Why should you invest in Brookfield Asset Management stock?
Brookfield Asset Management’s business continues to perform well, despite a challenging macro-environment. It generated US$1.5 billion of net income and US$1.2 billion of cash flow in the second quarter (Q2), ending the quarter with US$111 billion of cash available for investment.
Its well-diversified business is a key differentiator, and several of the company’s infrastructure, real estate, and renewable energy assets are positioned to benefit from inflation. In fact, BAM claimed the current inflationary environment is enhancing its cash flows and increasing replacement costs of the assets it owns.
Brookfield’s clean energy power generation business continues to widen its advantage over other energy sources. For regions with no natural gas reserves, renewable energy sources such as solar, hydro, and wind will play a crucial role in the upcoming decade.
The Russia-Ukraine war has showcased the risks of energy dependence, with prices rising through the roof in the U.K. and Europe.

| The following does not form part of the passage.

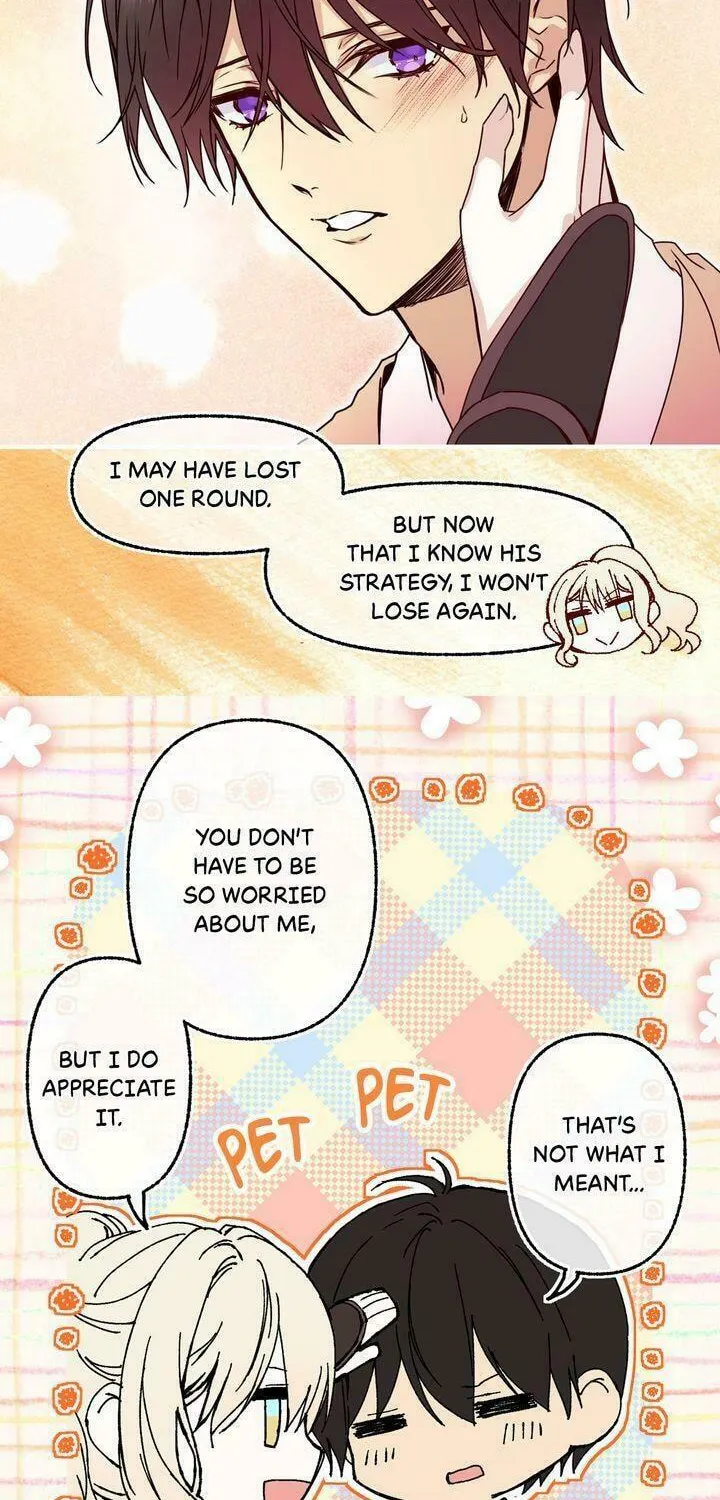 Read My Master, the Wolf Queen chapter 53 image 25 on Lezhin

Additionally, last week, semiconductor giant Intel and Brookfield Asset Management disclosed an agreement where the two companies will fund around US$30 billion to build chip foundries in Arizona. The partnership will allow Intel to manufacture chips on shore without increasing debt substantially on the balance sheet.
BAM’s infrastructure affiliate will invest US$15 billion and receive a 49% stake in the project, with Intel retaining majority ownership.
Is BAM stock overvalued or undervalued?
Brookfield Asset Management’s distributable earnings stood at US$1 billion in Q2 and US$3.9 billion in the last four quarters, rising 26% and 25%, respectively, year over year. Its annualized run rate of fees and target carried interest surpassed $8 billion, and the company’s robust deployment of capital coupled with stable margins enabled BAM to increase fee-related earnings by 21% in the last year.
Distributions from its businesses continued to grow, amounting to US$2.4 billion in the last 12 months due to the diversified nature of businesses and assets it owns.
Due to its inflation-hedged cash flows, Brookfield Asset Management pays investors a cash dividend of $0.72 each year, indicating a forward yield of 1.1%.
Analysts tracking the stock expect Brookfield Asset Management to increase sales by 15.2% to $110.3 billion, while earnings are forecast to expand by 29% to $3.9 per share. We can see BAM stock is valued at 16.4 times forward earnings, which is quite reasonable given its profit margins are estimated to rise by 22.7% in the next five years.
Valued at $100 billion by market cap, BAM stock is trading at less than one time forward sales and is available at a discount of 30% compared to consensus price target estimates.